Whenever a line of the listing contains the string "online", return that line.

=====

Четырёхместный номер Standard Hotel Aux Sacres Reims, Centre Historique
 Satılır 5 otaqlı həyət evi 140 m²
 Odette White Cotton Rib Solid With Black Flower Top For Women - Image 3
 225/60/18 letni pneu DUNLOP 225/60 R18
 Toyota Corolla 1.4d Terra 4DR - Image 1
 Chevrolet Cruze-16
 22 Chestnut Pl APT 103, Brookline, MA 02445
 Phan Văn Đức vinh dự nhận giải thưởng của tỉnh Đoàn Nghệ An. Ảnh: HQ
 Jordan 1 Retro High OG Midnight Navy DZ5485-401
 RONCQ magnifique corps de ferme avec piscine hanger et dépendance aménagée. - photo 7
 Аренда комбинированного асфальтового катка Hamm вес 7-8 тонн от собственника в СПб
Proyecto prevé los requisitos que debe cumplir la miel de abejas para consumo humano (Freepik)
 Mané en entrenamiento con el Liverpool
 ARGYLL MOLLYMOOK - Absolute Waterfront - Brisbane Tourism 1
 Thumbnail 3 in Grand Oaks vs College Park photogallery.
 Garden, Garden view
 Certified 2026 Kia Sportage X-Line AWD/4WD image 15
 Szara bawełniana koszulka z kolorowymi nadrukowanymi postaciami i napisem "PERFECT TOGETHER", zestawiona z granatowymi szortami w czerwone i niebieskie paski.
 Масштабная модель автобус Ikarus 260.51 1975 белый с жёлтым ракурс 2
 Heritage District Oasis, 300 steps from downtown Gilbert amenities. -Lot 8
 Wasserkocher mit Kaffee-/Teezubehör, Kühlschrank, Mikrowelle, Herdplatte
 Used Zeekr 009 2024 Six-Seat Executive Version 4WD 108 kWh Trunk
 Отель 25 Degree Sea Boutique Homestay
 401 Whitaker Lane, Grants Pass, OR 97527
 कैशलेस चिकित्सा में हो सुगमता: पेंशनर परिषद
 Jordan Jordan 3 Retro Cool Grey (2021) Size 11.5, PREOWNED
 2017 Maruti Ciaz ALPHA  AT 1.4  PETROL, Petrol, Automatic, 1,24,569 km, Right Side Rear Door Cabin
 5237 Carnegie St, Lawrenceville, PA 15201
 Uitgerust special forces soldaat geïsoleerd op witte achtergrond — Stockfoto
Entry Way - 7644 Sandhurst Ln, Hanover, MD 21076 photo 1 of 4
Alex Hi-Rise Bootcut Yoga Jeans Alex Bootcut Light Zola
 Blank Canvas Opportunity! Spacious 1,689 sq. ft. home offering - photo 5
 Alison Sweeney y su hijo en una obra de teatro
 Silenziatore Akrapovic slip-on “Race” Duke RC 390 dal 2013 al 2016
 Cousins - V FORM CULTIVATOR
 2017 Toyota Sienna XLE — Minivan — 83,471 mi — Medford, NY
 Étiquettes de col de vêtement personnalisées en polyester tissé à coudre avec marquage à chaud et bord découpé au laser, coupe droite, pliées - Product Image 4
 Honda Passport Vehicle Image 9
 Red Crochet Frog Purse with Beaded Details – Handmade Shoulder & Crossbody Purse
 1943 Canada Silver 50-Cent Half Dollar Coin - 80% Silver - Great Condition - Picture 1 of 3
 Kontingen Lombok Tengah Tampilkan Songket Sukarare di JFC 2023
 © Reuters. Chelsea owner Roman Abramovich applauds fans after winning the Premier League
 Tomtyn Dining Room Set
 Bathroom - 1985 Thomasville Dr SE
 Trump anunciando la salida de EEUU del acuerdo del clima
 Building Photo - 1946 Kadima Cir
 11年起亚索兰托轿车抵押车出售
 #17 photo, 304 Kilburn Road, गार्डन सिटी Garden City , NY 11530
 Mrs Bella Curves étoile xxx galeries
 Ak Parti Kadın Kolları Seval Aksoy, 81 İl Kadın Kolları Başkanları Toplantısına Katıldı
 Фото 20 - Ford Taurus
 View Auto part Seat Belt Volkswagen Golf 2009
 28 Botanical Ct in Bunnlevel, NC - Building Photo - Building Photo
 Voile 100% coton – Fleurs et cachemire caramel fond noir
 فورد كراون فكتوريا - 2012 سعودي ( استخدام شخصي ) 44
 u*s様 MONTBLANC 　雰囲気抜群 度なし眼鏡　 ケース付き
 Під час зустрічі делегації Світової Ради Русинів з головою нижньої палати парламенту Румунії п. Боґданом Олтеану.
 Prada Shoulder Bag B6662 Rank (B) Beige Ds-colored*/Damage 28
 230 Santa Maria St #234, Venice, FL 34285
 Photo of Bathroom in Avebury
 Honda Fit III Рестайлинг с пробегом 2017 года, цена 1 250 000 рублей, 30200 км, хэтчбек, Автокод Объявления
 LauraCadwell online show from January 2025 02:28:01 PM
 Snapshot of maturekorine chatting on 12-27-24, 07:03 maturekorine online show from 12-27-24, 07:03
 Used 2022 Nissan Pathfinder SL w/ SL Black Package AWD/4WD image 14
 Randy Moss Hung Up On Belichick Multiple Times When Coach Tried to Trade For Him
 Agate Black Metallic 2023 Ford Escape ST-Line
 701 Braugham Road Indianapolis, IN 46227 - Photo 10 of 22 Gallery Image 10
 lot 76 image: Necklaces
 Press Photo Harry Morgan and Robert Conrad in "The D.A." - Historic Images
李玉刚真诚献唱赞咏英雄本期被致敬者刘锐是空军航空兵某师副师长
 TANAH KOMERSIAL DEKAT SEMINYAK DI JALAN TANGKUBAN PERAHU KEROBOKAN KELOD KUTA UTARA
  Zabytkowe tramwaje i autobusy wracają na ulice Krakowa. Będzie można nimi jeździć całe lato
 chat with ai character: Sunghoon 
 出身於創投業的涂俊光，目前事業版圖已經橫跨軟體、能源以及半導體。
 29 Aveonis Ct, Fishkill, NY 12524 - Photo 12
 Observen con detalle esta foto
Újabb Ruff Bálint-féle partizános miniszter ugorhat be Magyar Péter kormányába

=====

§ Answer section:
 LauraCadwell online show from January 2025 02:28:01 PM
 Snapshot of maturekorine chatting on 12-27-24, 07:03 maturekorine online show from 12-27-24, 07:03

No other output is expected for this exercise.